Cambia nome l’operazione Cirene in Libia

Cambia il nome ma non il compito della missione di addestramento e consulenza militare italiana in Libia, nata dopo la caduta del regime di Muammar Gheddafi come operazione Cirene raccogliendo l’eredità della decina di ufficiali inviati da Rona ad affiancare e fornire consigli allo “stato maggiore” dei ribelli a Bengasi. Da oggi il gruppo di istruttori e consiglieri militari di tutte le forze armate dislocati a Tripoli fanno parte della MIL, Missione Italiana in Libia, il cui organico era previsto in cento unità anche se a oggi ne sono presenti solo poche decine. La notizia è stata diffusa dallo Stato maggiore Difesa che ha comunicato la visita a Tripoli del suo vertice, l’ammiraglio Luigi Binelli Mantelli, che a Tripoli ha incontrato il suo omologo libico, il generale di brigata Abdulsalam Jadallah Alsalhin al-Obaidi nominato a inizio agosto.  “L’incontro, teso ad approfondire i termini della cooperazione da tempo in atto tra i due Paesi, ha in particolare trattato l’intesa tecnica per l’addestramento del personale militare libico nell’ambito del G8 Compact (un ampio contributo addestrativo e formativo che l’Italia fornirà, su richiesta del governo di Tripoli, alle Forze Armate libiche), gli aspetti ad essa strumentali e, su un piano generale, i temi di maggiore attualità nel campo della cooperazione militare” recita il comunicato della Difesa che precisa come “la Missione militare Italiana in Libia si inserisce nel quadro della cooperazione militare tra i due Paesi sancita col Memorandum d’Intesa firmato a Roma il 28 maggio 2012”.

 

 

 

Militari libici

 

La MIL, che ha lo scopo di organizzare, condurre e coordinare le attività addestrative, di assistenza e consulenza nel settore della Difesa, si articola in una componente core interforze a carattere permanente, e in una componente ad hoc, costituita da mobile teams formativi, addestrativi e di supporto in base alle esigenze di volta in volta individuate dalle FA libiche. Il comunicato non precisa se in base agli accordi bilaterali i nostri militari saranno autorizzati a portare le armi per l’autodifesa, esigenza quanto mai stringente considerato il “blitz” condotto da alcuni rapinatori nella sede della missione italiana e il caos che caratterizza la Libia con scontri tribali e azioni terroristiche condotte dai gruppi estremisti islamici che peraltro controllano le milizie più forti del Paese grazie anche al supporto di Arabia Saudita e Qatar. Anche il termine Stato appare forzato dal momento che due regioni su tre appaiono ormai fuori dal controllo di Tripoli.

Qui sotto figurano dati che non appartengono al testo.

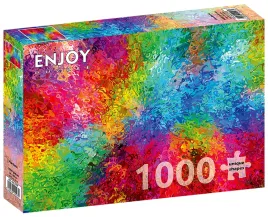 puzzle-1000-el-paleta-barw-enjoy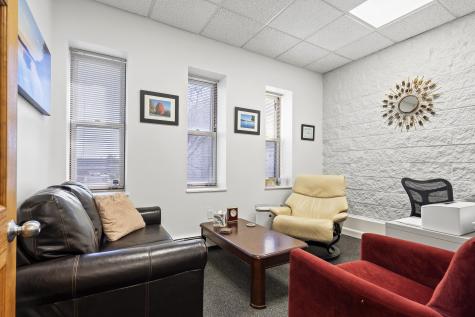 395 Sabattus Street Lewiston ME 04240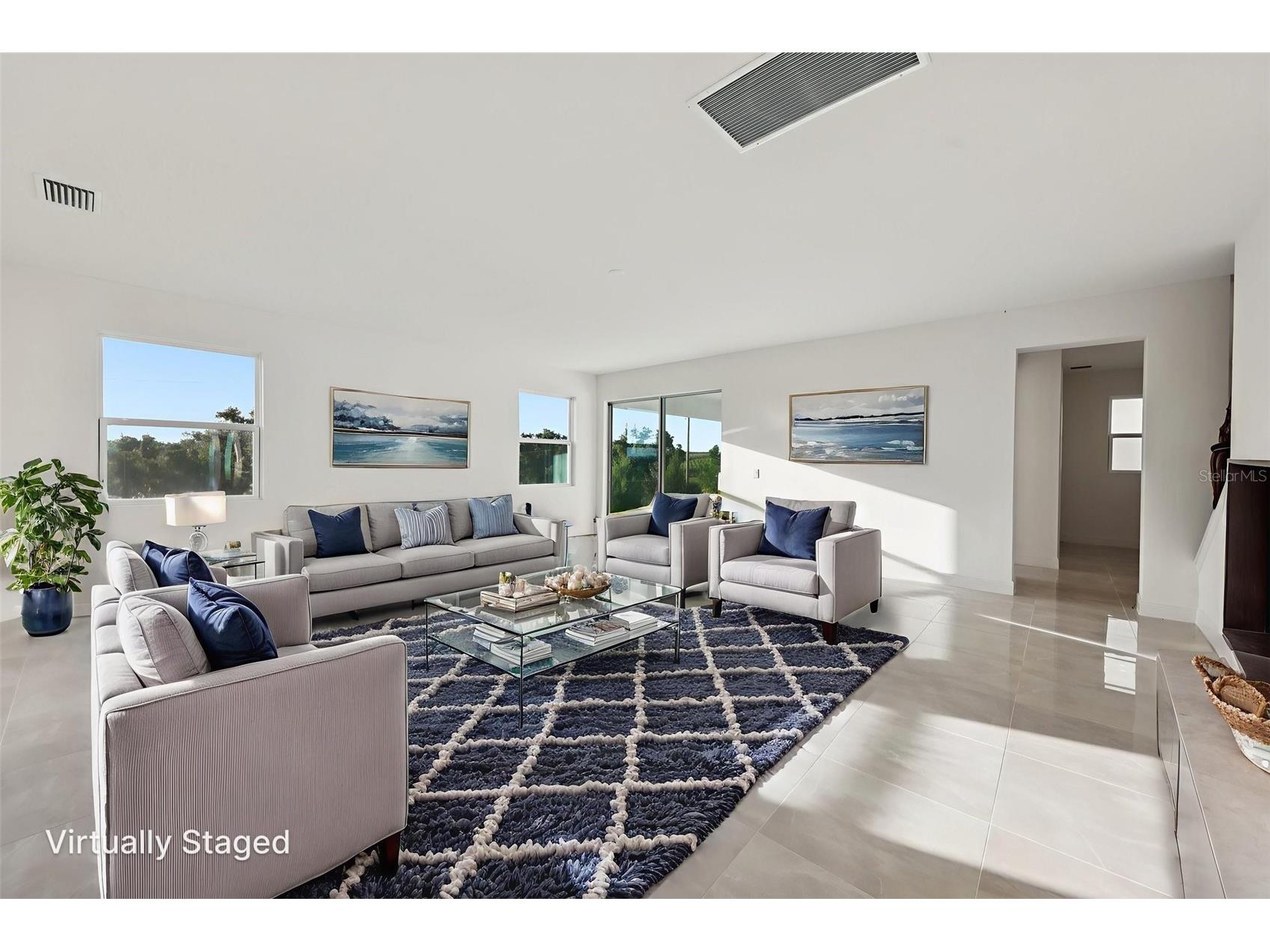 7237 Dilly Lake Avenue Groveland FL 34736 S5134735 image7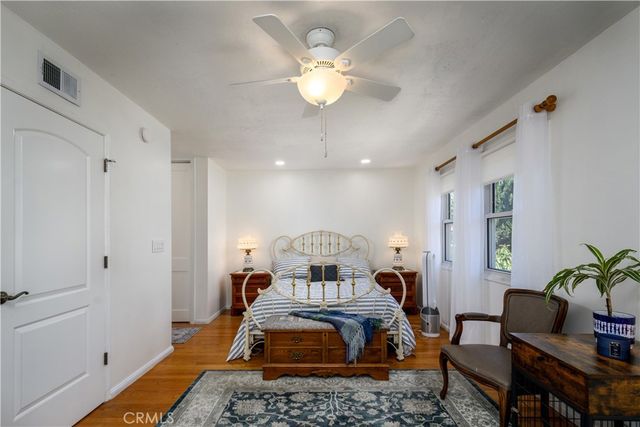 5571 Lockhaven Drive, Buena Park, CA 90621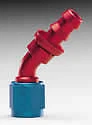 Fuel Hose Fitting Aeroquip FBM1523. Fixed Price $19.12.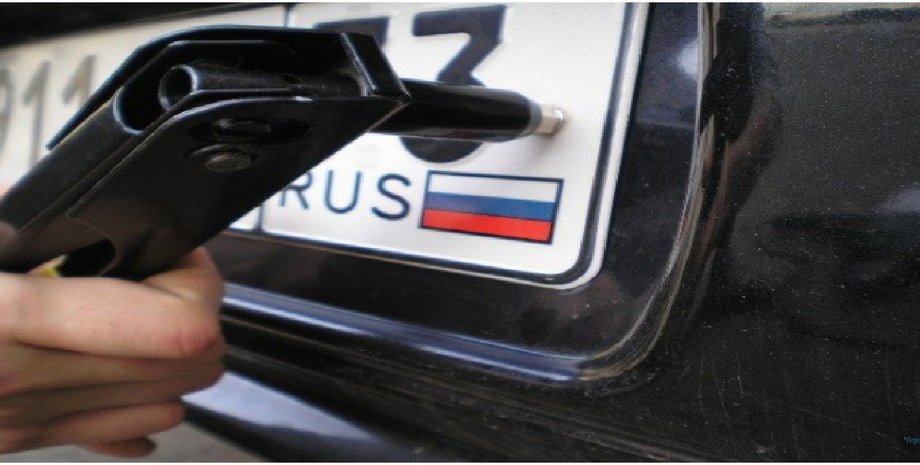 Фото: chernobyl-spas.info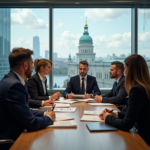 Наглядный пример к статье "Контроль закупок — профессиональный аудит 44-ФЗ 223-ФЗ в Брянске"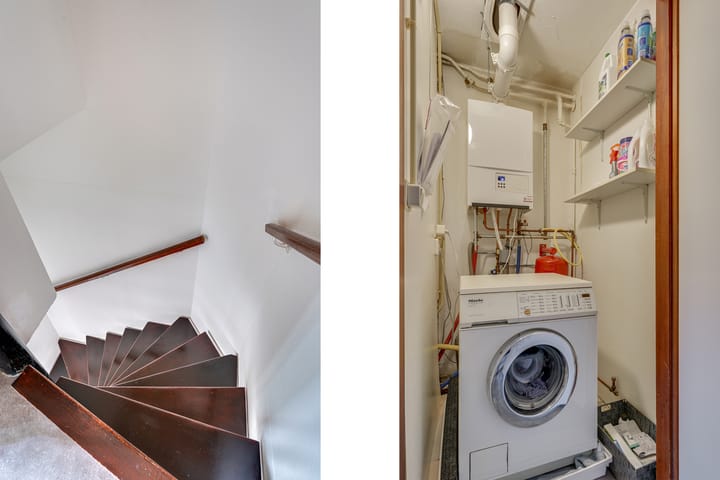 Foto 15 van Eerste Buitenpepers 39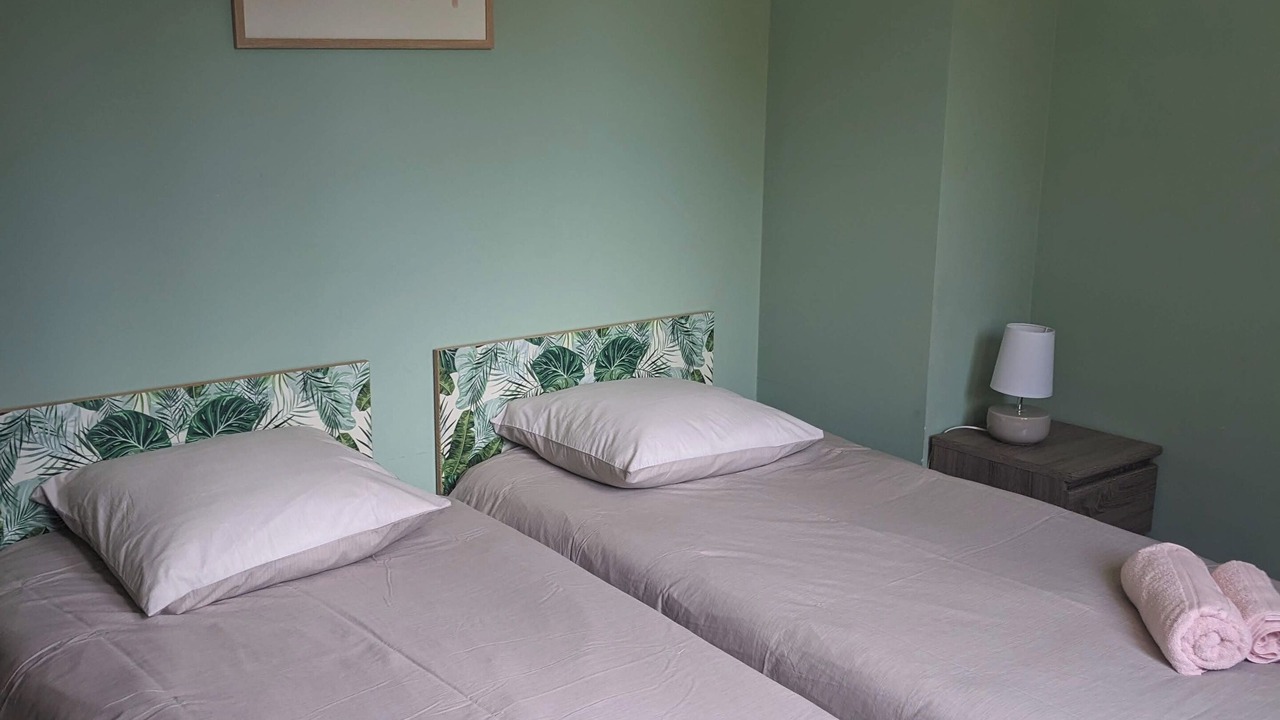 Photo of Others in Gignac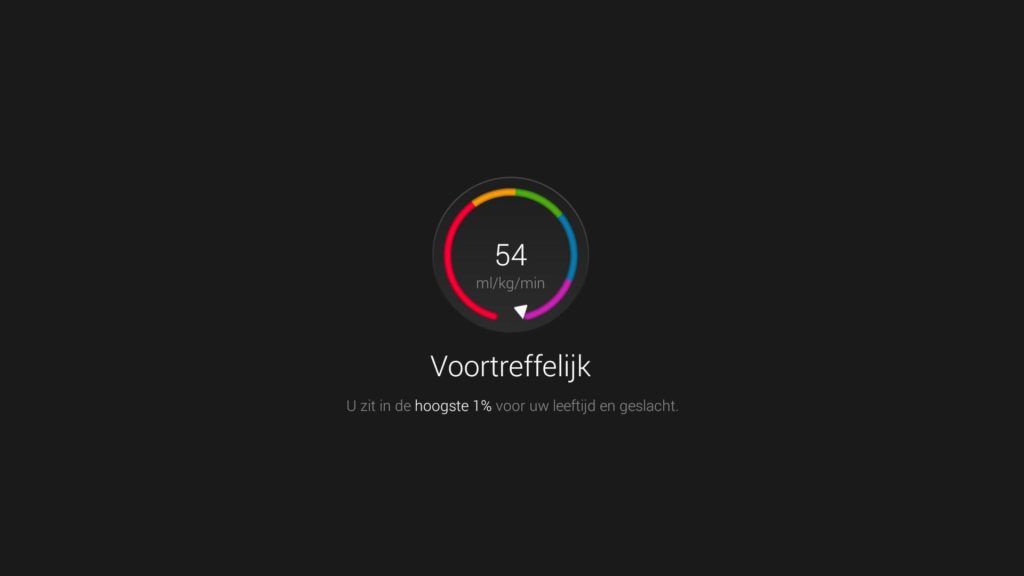 vo2max_robert_hertogs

La Cirenaica è ormai un’entità autonoma dominata sul piani militare da milizie salafite e qaediste mentre la regione meridionale del Fezzan ha proclamato nei giorni scorsi l’autonomia e il controllo delle proprie risorse energetiche. I programmi di addestramento delle reclute libiche vedono l’Italia direttamente impegnata con gli istruttori a Tripoli e con programmi di formazione per le reclute libiche da attuare in Italia come già anticipato da Analisi Difesa. Programmi ancora in fase di definizione e non è chiaro dove le reclute libiche verranno ospitate e addestrate, tema non secondario anche sul piano della sicurezza poiché molti soldati libici provengono dai ranghi delle milizie incluse quelle di ispirazione salafita. Anche Gran Bretagna e Stati Uniti parteciperanno all’addestramento del nuovo esercito di Tripoli. Circa 8 mila reclute libiche (delle 20 mila da addestrare) dovrebbero venire trasferite in turni di addestramento di 150/200 per volta in due basi bulgare messe a disposizione degli Stati Uniti come ha annunciato il mese scorso il ministro della Difesa di Sofia Angel Naydenov.

Dopo aver smentito a inizio luglio l’invio di truppe di Sua Maestà in Libia per addestrare le forze locali all’anti-insurrezione, Londra ha reso noto che 2 mila soldati libici riceveranno l’addestramento basico di fanteria  (della durata di 10 settimane) in gruppi di 200 per volta nella caserma Bassingbourn, nel  Cambridgeshire (una ex base della Royal Air Force chiusa l’anno scorso) secondo un programma finanziato integralmente da Tripoli.